» **Action item**: Images excepted, the data below must be repeated exactly.

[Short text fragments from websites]
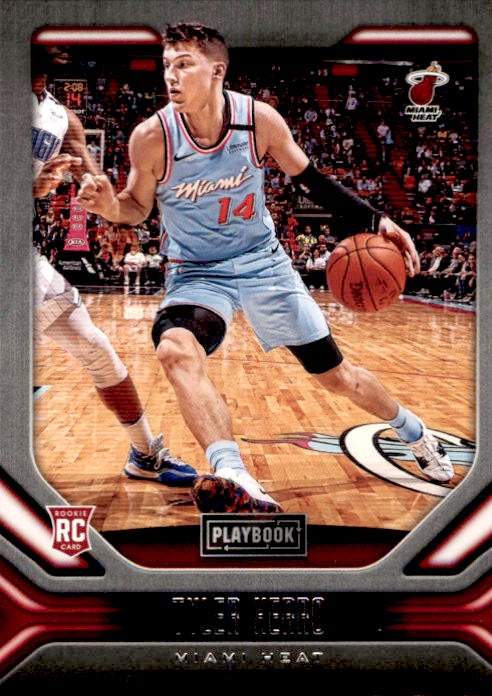 Tyler Herro, RC, Playbook, 2019-20 Panini Chronicles NBA Basketball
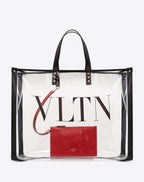 Valentino VLTN plexy Shopping bag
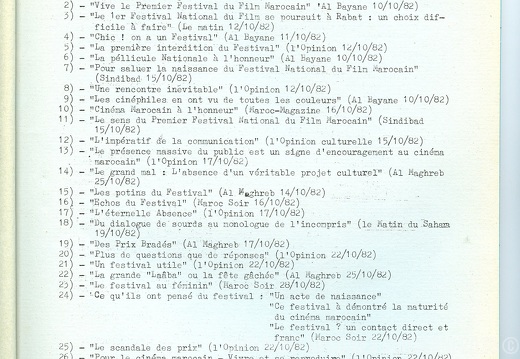 2e festival national du film programme 4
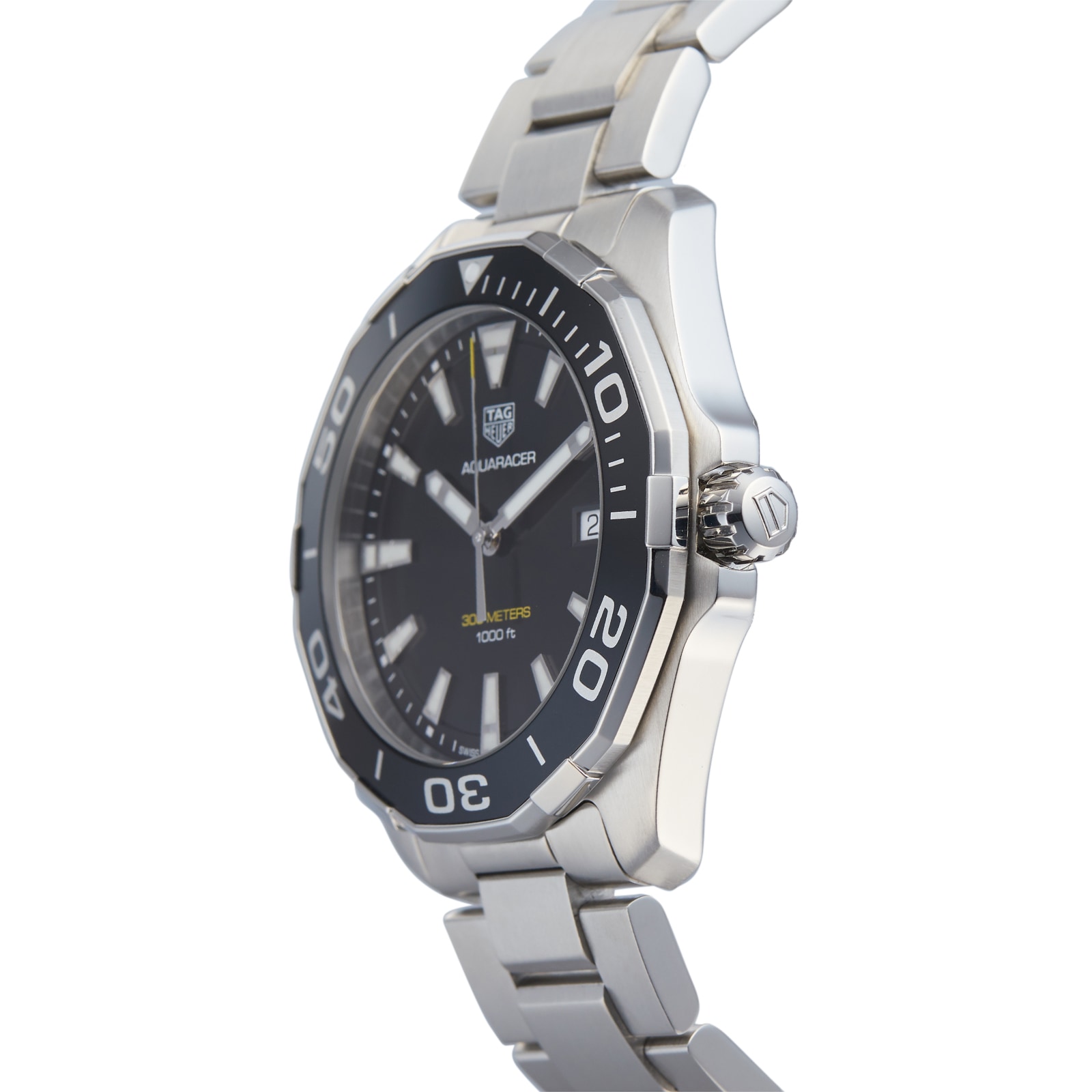 Pre-Owned TAG Heuer Aquaracer Mens Watch WAY101A.BA0746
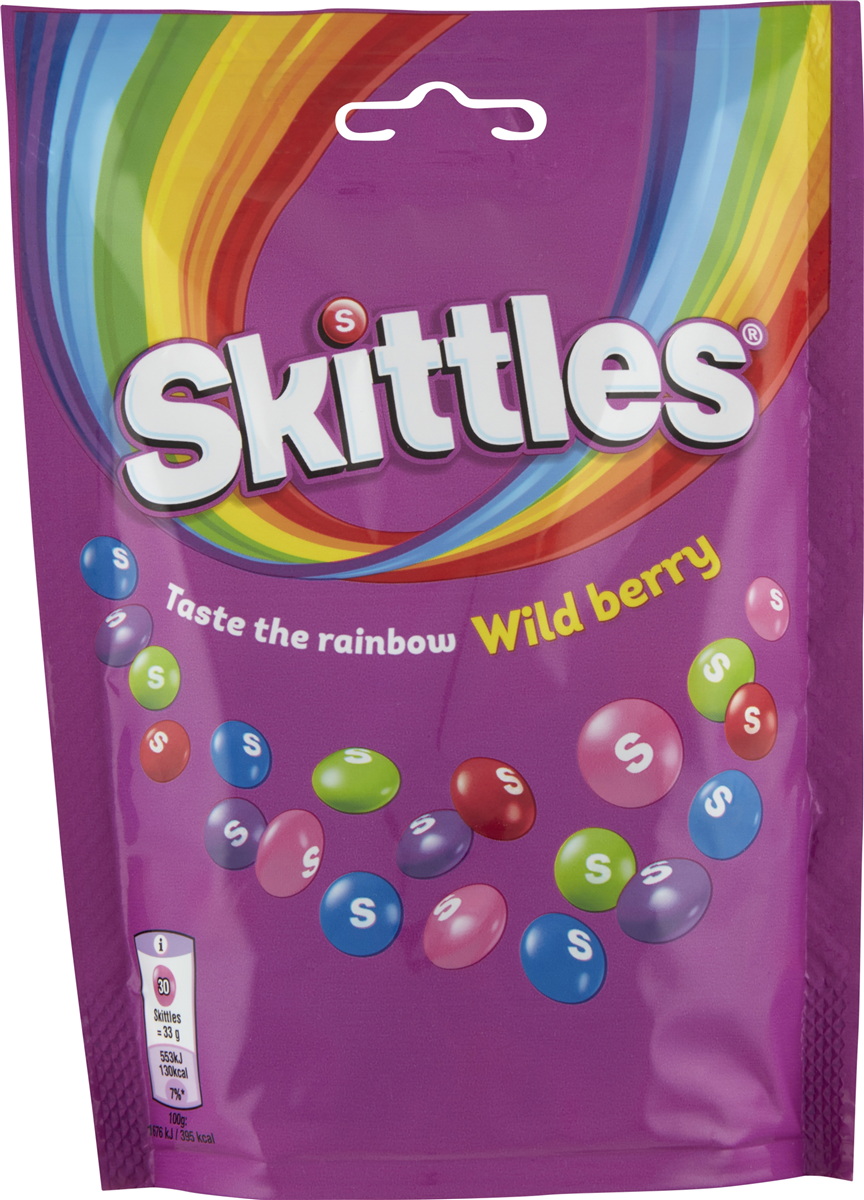 Skittles Wild Berry 152 g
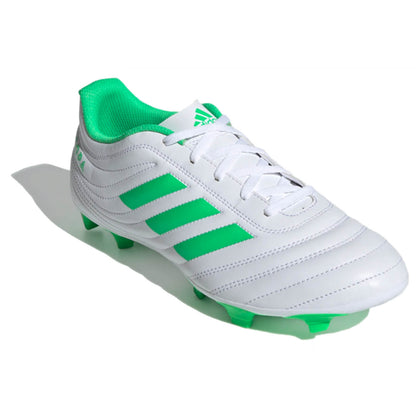 Copa 19.4 FG White/Sollim/White Soccer Shoes - SV SPORTS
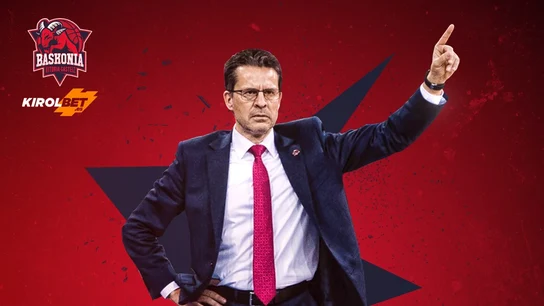 Pedro Martínez deja de ser entrenador del Baskonia Pedro Martínez deja de ser entrenador del Baskonia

» **Your response**:
 Tyler Herro, RC, Playbook, 2019-20 Panini Chronicles NBA Basketball
 Valentino VLTN plexy Shopping bag
 2e festival national du film programme 4
 Pre-Owned TAG Heuer Aquaracer Mens Watch WAY101A.BA0746
 Skittles Wild Berry 152 g
 Copa 19.4 FG White/Sollim/White Soccer Shoes - SV SPORTS
 Pedro Martínez deja de ser entrenador del Baskonia Pedro Martínez deja de ser entrenador del Baskonia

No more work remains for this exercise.